A deep dive into Kubeflow pipelines
Andreea Munteanu
on 22 March 2024
Widely adopted by both developers and organisations, Kubeflow is an MLOps platform that runs on Kubernetes and automates machine learning (ML) workloads. It covers the entire ML lifecycle, enabling data scientists and machine learning engineers to develop and deploy ML models. Kubeflow is designed as a suite of leading open source projects that enable different capabilities such as model serving, training or hypertuning optimisations.
At Canonical, we deliver Charmed Kubeflow – an official distribution of the upstream solution with additional security maintenance, tool integrations, and enterprise support and managed services – so we know a thing or two about the project. In our experience, one of the most important concepts to understand with respect to both Kubeflow itself and the broader ML lifecycle is machine learning pipelines. Taking advantage of pipelines is the best way to effectively deploy models at scale in production, so let’s break down this critical component in the MLOps landscape.
Machine learning pipelines
A machine learning pipeline is an important component of ML systems, ensuring simplified experimentation and capability to take models to production. They are a series of steps that automate how ML models are created, in order to streamline the workflow, development and deployment. ML pipelines simplify the complexity of the end-to-end ML lifecycle, helping professionals to develop and deploy models. Amongst their benefits, ML pipelines ensure scalability thanks to their ability to handle large volumes of data while supporting collaboration and reproducibility.

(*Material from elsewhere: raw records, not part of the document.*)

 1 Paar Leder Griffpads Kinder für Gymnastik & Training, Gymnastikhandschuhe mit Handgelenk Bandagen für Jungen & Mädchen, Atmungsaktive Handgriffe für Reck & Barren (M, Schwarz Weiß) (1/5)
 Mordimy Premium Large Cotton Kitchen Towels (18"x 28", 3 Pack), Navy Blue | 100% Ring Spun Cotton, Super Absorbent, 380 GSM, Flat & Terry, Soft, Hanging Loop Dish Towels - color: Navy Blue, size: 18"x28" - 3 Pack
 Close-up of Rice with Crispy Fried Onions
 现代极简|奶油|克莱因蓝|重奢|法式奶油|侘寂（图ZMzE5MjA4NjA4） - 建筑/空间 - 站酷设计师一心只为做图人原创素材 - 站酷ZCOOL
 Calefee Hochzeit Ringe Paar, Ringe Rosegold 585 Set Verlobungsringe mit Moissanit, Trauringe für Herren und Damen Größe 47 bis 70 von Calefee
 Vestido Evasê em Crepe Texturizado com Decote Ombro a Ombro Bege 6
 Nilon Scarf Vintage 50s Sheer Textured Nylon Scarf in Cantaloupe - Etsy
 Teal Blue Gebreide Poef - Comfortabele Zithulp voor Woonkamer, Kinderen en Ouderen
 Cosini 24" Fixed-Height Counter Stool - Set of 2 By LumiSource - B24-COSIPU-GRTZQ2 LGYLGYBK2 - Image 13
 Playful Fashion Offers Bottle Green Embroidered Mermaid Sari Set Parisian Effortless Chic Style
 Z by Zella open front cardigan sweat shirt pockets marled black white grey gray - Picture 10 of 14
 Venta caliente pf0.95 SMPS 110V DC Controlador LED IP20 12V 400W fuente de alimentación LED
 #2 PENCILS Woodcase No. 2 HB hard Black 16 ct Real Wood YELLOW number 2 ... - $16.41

A core value of MLOps platforms such as Kubeflow is that they enable professionals to build and maintain ML pipelines.
What is Kubeflow Pipelines?
Kubeflow Pipelines or KFP is the heart of Kubeflow. It is a Kubeflow component that enables the creation of ML pipelines. It is used to help you build and deploy container-based ML workflows that are portable and scalable. The main goals of Kubeflow Pipelines are to simplify the following processes:
- Orchestration of the end-to-end ML pipelines
- Experimentation with various ideas and techniques
- Experiment management
- Reuse of components and pipelines to enable users to quickly put together end-to-end solutions without having to re-build each time
Components of Kubeflow Pipelines
Components of Kubeflow Pipelines
Kubeflow Pipelines is part of the Kubeflow project. It can be used as part of the project or as an independent tool. It is made of 3 main components:
- User interface (UI) for managing and tracking experiments, jobs, and runs
- Engine for scheduling multi-step ML workflows
- SDK for defining and manipulating pipelines and components
Kubeflow Pipelines use cases
Kubeflow Pipelines are typically most useful for advanced users of Kubeflow or professionals who already have experience with machine learning. You don’t necessarily need KFP in the experimentation phase of the ML journey, but it becomes useful when you want to take your models to production. The main use cases for KFP include:
- Workflow automation: Data scientists and machine learning engineers often perform a lot of the initial experimentation phase manually to better understand optimisation possibilities and quickly iterate. But once they have defined their workflow, they can use KFP to automate the process and save time.
- Model deployment to production: Models are usually compiled in a binary file. Traditionally, for the model to be loaded to a server where the requirements for inference are met, this file would be manually copied to the machine that hosts the application. KFP simplifies this process by enabling you to build automated pipelines to multiple applications or servers.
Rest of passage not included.